→ **ACTION ITEM**
Each line of the data below that carries the word "фото" needs to be copied.

→ **MATERIALS PROVIDED**

-*-

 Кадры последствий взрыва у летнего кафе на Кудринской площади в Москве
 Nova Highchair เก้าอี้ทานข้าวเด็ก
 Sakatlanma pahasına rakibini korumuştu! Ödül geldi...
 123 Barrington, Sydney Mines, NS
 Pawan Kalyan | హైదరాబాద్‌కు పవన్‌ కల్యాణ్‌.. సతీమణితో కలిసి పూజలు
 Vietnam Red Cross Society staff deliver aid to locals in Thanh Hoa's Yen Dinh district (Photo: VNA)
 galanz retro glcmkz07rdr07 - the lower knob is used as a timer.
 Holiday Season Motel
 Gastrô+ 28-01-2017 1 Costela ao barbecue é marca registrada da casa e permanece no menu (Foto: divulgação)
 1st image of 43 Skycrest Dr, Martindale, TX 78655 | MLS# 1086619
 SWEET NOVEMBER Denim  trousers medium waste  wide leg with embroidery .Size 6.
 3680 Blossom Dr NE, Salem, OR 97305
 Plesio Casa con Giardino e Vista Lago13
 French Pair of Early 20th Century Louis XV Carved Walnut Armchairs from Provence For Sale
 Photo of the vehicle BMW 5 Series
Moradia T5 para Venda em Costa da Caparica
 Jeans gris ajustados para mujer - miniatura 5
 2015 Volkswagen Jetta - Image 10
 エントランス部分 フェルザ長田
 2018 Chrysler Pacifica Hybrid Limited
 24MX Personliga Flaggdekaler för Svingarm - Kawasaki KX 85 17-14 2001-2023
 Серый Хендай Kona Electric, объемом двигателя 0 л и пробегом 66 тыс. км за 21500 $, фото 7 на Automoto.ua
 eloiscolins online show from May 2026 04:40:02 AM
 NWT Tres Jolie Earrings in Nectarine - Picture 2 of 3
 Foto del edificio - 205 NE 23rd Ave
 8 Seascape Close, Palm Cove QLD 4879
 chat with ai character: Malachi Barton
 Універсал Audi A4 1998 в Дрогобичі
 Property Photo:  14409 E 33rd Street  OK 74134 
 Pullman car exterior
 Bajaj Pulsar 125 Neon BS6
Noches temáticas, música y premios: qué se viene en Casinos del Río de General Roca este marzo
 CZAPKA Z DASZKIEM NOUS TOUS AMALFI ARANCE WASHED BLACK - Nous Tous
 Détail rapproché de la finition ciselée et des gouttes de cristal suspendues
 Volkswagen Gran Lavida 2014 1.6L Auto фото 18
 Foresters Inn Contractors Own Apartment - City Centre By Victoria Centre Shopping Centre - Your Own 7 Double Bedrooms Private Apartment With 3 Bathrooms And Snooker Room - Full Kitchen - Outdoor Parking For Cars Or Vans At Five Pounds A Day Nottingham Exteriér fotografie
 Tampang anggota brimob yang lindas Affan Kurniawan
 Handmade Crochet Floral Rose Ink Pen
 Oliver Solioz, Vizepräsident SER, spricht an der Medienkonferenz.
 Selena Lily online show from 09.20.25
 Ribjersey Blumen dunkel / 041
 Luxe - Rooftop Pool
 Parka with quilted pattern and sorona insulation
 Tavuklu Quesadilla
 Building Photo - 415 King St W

-*-

→ **EXERCISE RESULT**
 Серый Хендай Kona Electric, объемом двигателя 0 л и пробегом 66 тыс. км за 21500 $, фото 7 на Automoto.ua
 Volkswagen Gran Lavida 2014 1.6L Auto фото 18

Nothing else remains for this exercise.